Qibi Heli (契苾何力) ( - died 677), noble title Duke of Liang (涼國公), was a Tiele general of China's Tang dynasty and a companion of the Emperor Taizong of Tang. He was accorded the posthumous name Lie (烈).

== Early life ==
Qibi Heli was born to a Tiele tribe called the Qibi. He was son of Qibi Ge (契苾葛), who was a younger brother of Yiwuzhenmohe Qaghan (易勿真莫賀可汗). Orphaned at 9 years old he became the eltäbär of his tribe and lived a nomadic life around Lake Zài (nowadays Issyk-Kul lake). His father's title was Baghatur Tegin (莫賀咄特勤).

In 632, he led his tribe to submit Tang in Hexi, himself going to Chang'an while his mother Lady Feng and brother Qibi Shamen (契苾沙門) left behind to handle tribal affairs. He was created a general and was stationed in Liangzhou.

== During reign of Taizong ==
He participated in Emperor Taizong's campaign against Tuyuhun in 634-635, in one occasion saving lives of generals Xue Wanjun (薛萬均) and his brother Xue Wanche (薛萬徹) besides capturing Murong Fuyun's wife and children. He later participated in Tang campaign against Karakhoja in 640.

After rise of Zhenzhu Khagan of Xueyantuo in 642, Qibi tribe submitted to him. Heli tried to convince them to stay loyal to Tang. However, he was captured and brought to Khagan's camp. Where he spoke against him and proclaimed allegiance to Taizong, even cut off his ear. Taizong in turn offered a Tang princess to bribe Zhenzhu to ransom Heli. Although once freed, he persuaded Taizong not to proceed with marriage.

He was appointed deputy of Ashina She'er during Tang campaign against Kucha in 648 and later in Goguryeo–Tang War. Taizong himself tended to the injuries of the Tujue Generals Qibi Heli and Ashina Simo, who were both wounded during the war against Goguryeo. Qibi Heli was especially praised for his valor that despite being severely injured by a spear from enemies, he continued fighting furiously along with his subordinate soldiers.
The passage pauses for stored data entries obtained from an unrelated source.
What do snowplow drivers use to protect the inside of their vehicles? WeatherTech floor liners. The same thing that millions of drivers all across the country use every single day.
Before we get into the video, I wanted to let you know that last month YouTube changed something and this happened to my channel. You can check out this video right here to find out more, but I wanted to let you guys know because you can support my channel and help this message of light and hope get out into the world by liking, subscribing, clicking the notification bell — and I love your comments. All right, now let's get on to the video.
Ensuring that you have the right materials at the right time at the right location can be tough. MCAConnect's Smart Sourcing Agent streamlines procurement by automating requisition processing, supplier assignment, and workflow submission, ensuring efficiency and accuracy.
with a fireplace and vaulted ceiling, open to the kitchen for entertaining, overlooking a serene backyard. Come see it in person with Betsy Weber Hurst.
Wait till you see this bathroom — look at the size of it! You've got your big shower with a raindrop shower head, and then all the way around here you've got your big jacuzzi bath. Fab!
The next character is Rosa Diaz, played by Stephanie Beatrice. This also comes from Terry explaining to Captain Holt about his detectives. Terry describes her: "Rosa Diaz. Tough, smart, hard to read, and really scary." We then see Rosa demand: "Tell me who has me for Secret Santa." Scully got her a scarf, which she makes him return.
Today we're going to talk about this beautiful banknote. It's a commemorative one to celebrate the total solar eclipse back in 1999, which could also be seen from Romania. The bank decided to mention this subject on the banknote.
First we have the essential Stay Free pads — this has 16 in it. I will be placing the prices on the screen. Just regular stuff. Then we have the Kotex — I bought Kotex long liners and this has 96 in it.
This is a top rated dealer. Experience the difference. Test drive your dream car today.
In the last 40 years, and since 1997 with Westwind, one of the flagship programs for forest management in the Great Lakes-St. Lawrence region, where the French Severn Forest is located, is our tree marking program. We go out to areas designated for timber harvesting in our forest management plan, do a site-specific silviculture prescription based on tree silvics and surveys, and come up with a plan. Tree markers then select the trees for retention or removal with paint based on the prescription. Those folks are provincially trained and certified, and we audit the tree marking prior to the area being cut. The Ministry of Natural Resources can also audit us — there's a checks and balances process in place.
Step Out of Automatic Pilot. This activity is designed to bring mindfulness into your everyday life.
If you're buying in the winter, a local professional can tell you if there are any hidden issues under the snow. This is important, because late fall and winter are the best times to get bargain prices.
Despite requesting to commit suicide on Taizong's death in 649, he was forbidden by Gaozong.

== During reign of Gaozong ==
In 657, he joined the Tang conquest of the Western Turks, at some point killing Shatuo leader Zhuye Guzhu (朱邪孤注). He participated in second Goguryeo-Tang War, defeated a Goguryeo army at the Yalu River and was instrumental on the siege of Pyongyang in 668. After which he was created Great General of Left Guard and Duke of Liang (涼國公) by Gaozong. In 676, when the Tibetan Empire attacked Tang's western prefectures, Tang prince Li Xiǎn and his younger brother Li Lun, the Prince of Xiang, were nominally put in charge of the two armies that were actually commanded by the generals Liu Shenli (劉審禮) and Qibi Heli (契苾何力), but neither Li Xiǎn nor Li Lun actually set out with the troops.

He died in 677 and was buried in Zhao Mausoleum. He was honoured with the posthumous name Lie (烈) and awarded with titles. His descendants continued to serve Tang dynasty.

== Family ==
He was married to Tang dynasty relative, a daughter of governor of Lintong in 635. He fathered at least 6 daughters and 3 sons. Known sons:

1. Qibi Ming (契苾明) (649-695) - General of Tang dynasty, Duke of Liangguo (Posthumously Jing - 靖)
2. Qibi Guang (契苾光, d. 709) - General of the Guards during reign of Wu Zetian
3. Qibi Zhen (契苾贞) - Secretary of the Palace

== In popular media ==
He was portrayed in Korean TV drama series Yeon Gaesomun by Lee Kye-in in 2006-2007.